══ AVAILABLE DATA
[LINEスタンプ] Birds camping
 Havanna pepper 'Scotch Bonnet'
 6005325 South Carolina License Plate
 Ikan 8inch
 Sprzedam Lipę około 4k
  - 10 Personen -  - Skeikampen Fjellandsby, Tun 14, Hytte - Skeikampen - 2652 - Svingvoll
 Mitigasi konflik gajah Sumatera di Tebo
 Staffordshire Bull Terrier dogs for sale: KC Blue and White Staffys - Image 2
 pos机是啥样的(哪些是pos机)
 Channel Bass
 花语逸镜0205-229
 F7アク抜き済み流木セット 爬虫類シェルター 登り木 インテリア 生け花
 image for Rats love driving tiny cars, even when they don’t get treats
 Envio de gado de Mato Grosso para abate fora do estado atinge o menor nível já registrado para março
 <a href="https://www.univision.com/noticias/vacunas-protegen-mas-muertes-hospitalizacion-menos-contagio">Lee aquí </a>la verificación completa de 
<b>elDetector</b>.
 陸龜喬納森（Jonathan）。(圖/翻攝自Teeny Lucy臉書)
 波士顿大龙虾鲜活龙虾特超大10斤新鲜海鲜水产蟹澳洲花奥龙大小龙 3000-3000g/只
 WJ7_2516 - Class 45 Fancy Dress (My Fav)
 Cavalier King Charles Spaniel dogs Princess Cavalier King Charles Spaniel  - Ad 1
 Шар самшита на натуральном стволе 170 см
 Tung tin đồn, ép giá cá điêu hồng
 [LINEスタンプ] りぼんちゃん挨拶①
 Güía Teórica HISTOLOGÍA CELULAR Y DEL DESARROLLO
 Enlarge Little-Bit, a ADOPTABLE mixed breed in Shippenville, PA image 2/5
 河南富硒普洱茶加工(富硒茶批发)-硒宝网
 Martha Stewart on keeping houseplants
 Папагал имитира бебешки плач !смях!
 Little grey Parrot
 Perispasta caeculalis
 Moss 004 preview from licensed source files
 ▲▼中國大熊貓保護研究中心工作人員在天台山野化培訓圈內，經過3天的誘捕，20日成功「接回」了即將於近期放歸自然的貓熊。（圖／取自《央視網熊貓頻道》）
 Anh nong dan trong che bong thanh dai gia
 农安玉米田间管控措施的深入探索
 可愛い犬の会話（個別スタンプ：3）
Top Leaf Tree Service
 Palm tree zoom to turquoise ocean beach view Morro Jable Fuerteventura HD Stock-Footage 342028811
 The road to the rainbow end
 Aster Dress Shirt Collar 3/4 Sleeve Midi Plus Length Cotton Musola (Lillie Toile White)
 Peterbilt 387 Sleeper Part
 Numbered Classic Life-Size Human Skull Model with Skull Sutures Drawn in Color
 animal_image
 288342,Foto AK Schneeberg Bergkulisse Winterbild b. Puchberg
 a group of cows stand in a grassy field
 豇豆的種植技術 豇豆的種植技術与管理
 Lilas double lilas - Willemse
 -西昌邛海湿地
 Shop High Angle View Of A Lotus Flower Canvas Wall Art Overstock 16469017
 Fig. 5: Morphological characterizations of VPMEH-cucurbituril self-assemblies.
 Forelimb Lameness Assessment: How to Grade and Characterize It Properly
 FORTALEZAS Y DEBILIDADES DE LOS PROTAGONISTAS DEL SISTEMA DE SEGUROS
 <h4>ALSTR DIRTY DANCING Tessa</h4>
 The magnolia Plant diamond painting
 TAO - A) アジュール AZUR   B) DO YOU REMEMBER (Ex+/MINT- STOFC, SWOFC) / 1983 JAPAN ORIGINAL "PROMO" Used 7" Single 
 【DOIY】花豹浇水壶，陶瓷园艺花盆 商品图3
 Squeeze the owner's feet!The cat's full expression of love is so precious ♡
════
• _TASK TO CARRY OUT_
Look above for the line containing "[LINEスタンプ] りぼんちゃん挨拶①" and the line containing "<h4>ALSTR DIRTY DANCING Tessa</h4>". Transcribe both, with the lines between them, exactly.

• _WORKED SOLUTION_
 [LINEスタンプ] りぼんちゃん挨拶①
 Güía Teórica HISTOLOGÍA CELULAR Y DEL DESARROLLO
 Enlarge Little-Bit, a ADOPTABLE mixed breed in Shippenville, PA image 2/5
 河南富硒普洱茶加工(富硒茶批发)-硒宝网
 Martha Stewart on keeping houseplants
 Папагал имитира бебешки плач !смях!
 Little grey Parrot
 Perispasta caeculalis
 Moss 004 preview from licensed source files
 ▲▼中國大熊貓保護研究中心工作人員在天台山野化培訓圈內，經過3天的誘捕，20日成功「接回」了即將於近期放歸自然的貓熊。（圖／取自《央視網熊貓頻道》）
 Anh nong dan trong che bong thanh dai gia
 农安玉米田间管控措施的深入探索
 可愛い犬の会話（個別スタンプ：3）
Top Leaf Tree Service
 Palm tree zoom to turquoise ocean beach view Morro Jable Fuerteventura HD Stock-Footage 342028811
 The road to the rainbow end
 Aster Dress Shirt Collar 3/4 Sleeve Midi Plus Length Cotton Musola (Lillie Toile White)
 Peterbilt 387 Sleeper Part
 Numbered Classic Life-Size Human Skull Model with Skull Sutures Drawn in Color
 animal_image
 288342,Foto AK Schneeberg Bergkulisse Winterbild b. Puchberg
 a group of cows stand in a grassy field
 豇豆的種植技術 豇豆的種植技術与管理
 Lilas double lilas - Willemse
 -西昌邛海湿地
 Shop High Angle View Of A Lotus Flower Canvas Wall Art Overstock 16469017
 Fig. 5: Morphological characterizations of VPMEH-cucurbituril self-assemblies.
 Forelimb Lameness Assessment: How to Grade and Characterize It Properly
 FORTALEZAS Y DEBILIDADES DE LOS PROTAGONISTAS DEL SISTEMA DE SEGUROS
 <h4>ALSTR DIRTY DANCING Tessa</h4>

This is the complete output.